** DATASET ENTRIES follows **

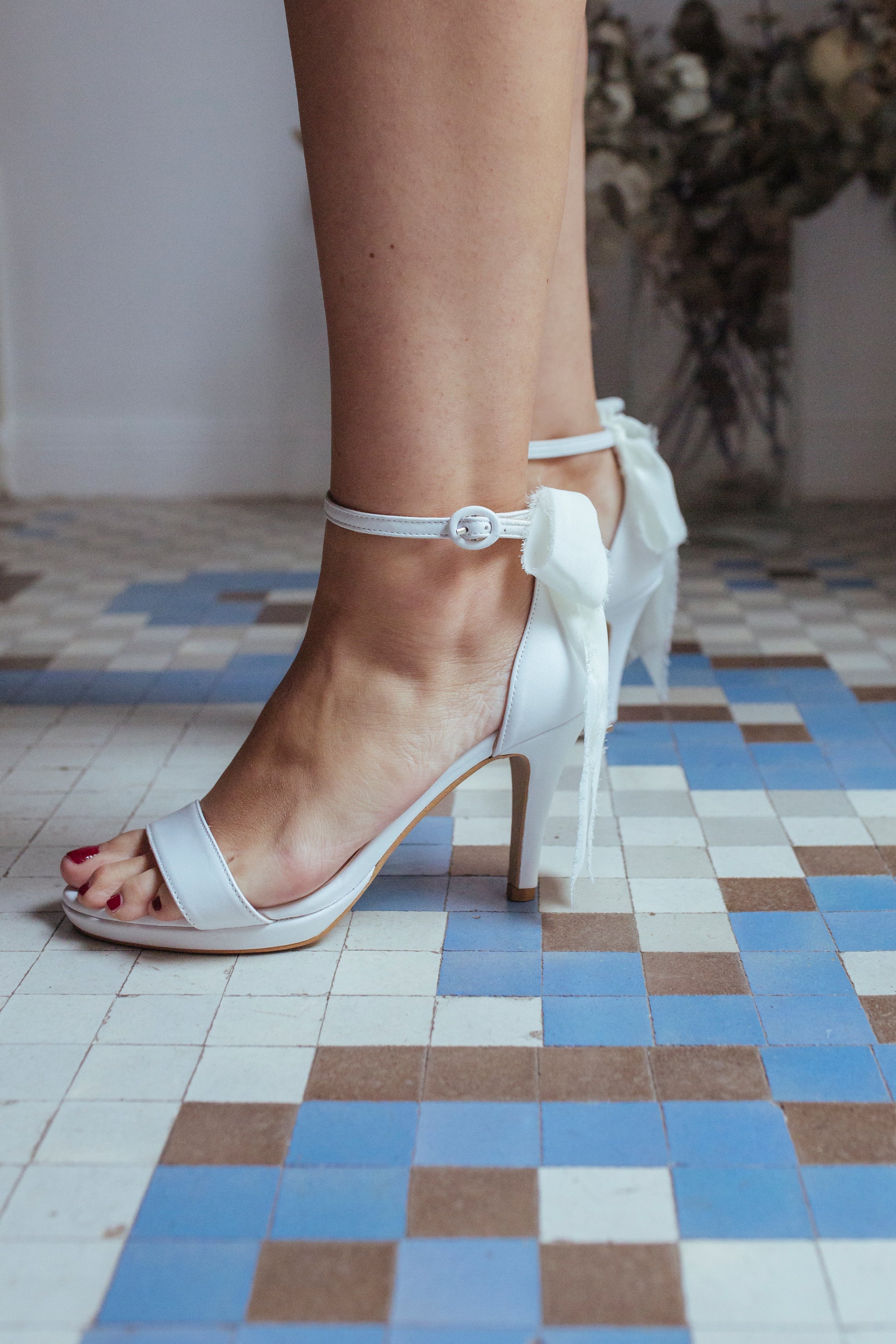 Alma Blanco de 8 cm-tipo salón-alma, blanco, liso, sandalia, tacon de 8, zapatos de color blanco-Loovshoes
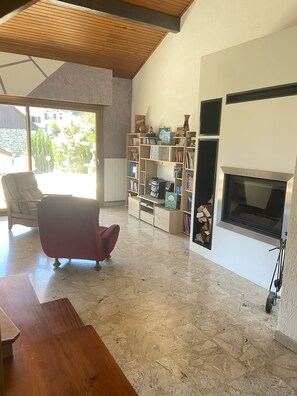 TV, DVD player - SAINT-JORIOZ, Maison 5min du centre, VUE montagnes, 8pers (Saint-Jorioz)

** End of DATASET ENTRIES **
** DATASET ENTRIES follows **

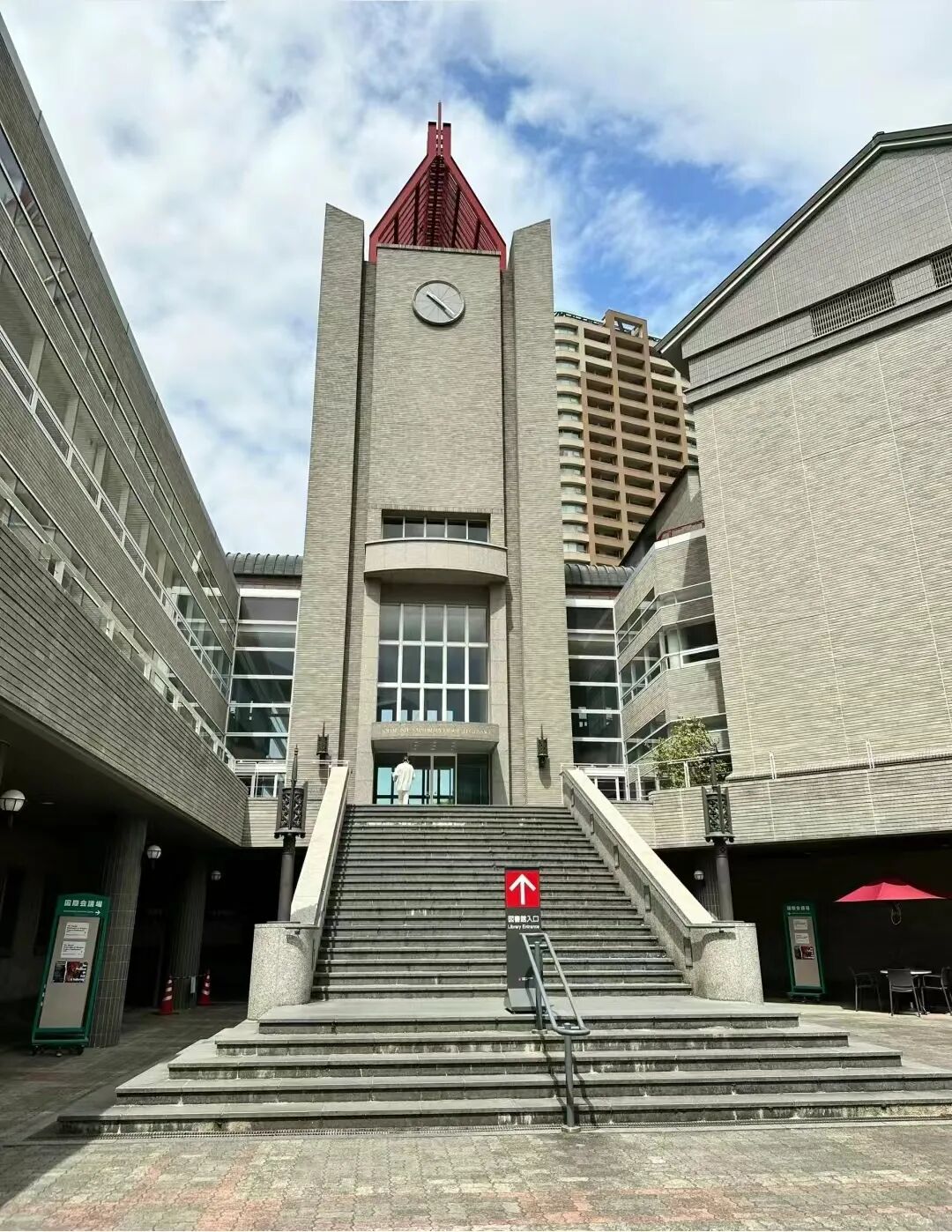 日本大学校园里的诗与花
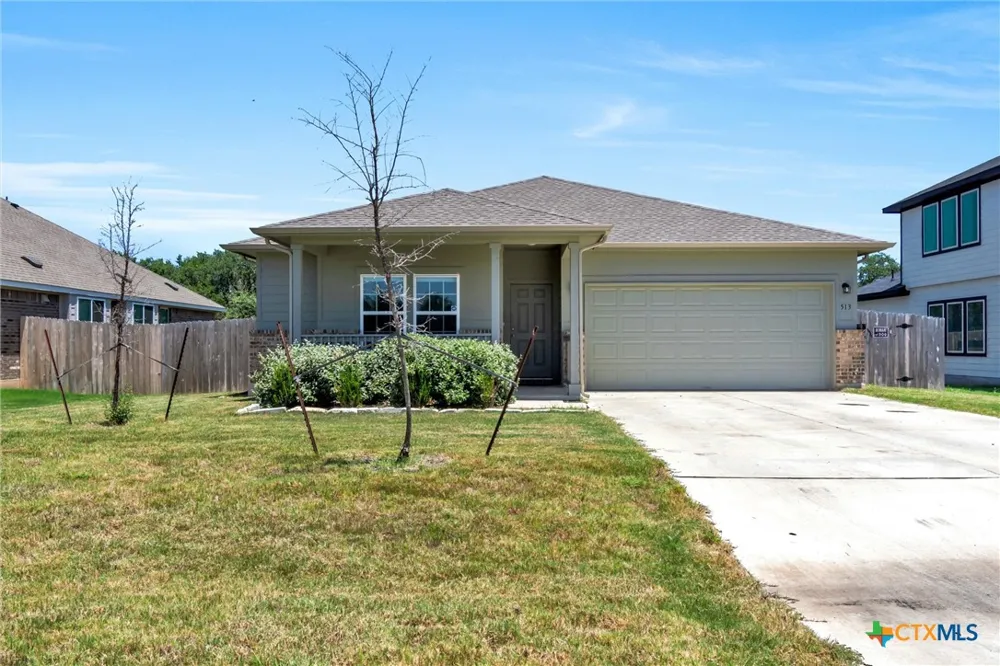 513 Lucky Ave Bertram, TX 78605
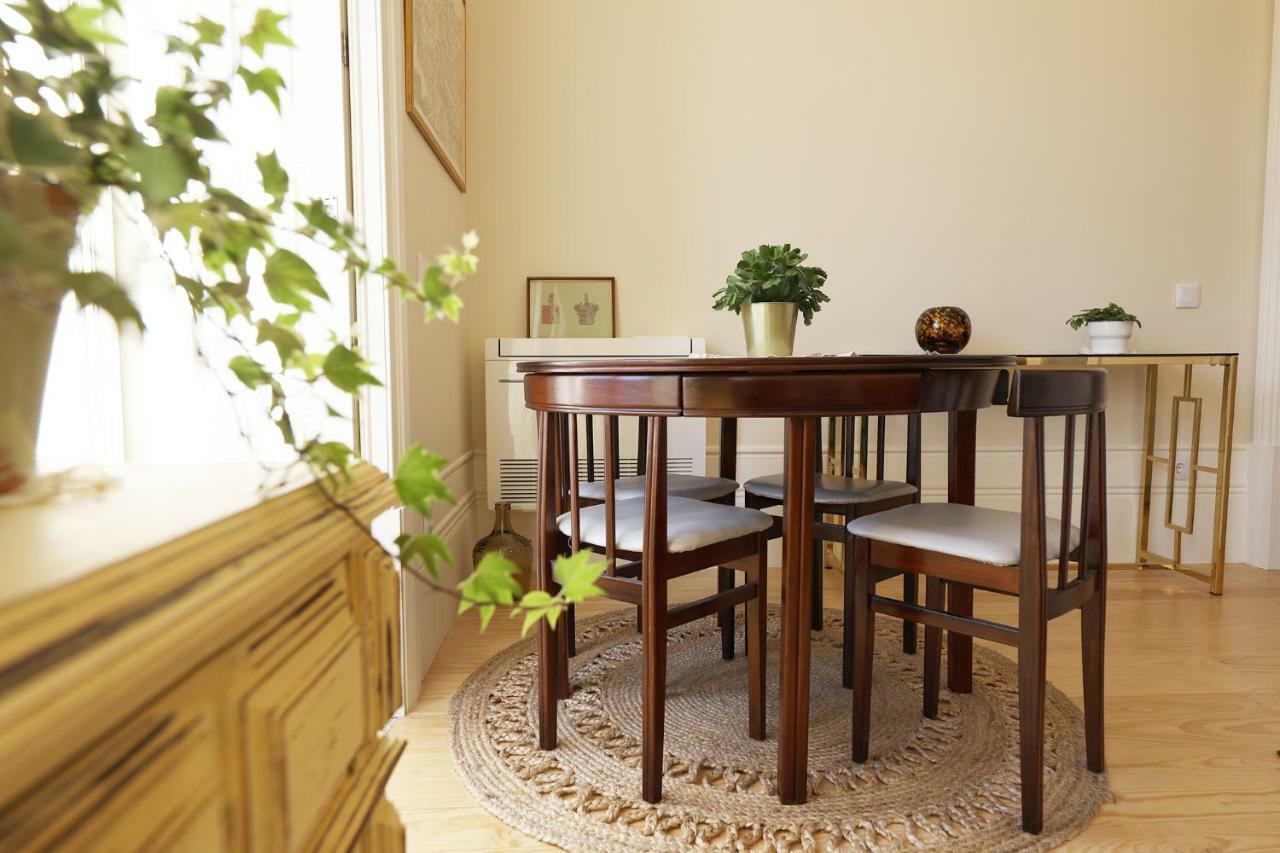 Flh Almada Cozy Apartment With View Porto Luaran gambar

** End of DATASET ENTRIES **

In the records above, everything from the line with "Alma Blanco de" down to the line with "TV, DVD player" is to be set down exactly, both ends included, with no pictures and no other lines.

 Alma Blanco de 8 cm-tipo salón-alma, blanco, liso, sandalia, tacon de 8, zapatos de color blanco-Loovshoes
 TV, DVD player - SAINT-JORIOZ, Maison 5min du centre, VUE montagnes, 8pers (Saint-Jorioz)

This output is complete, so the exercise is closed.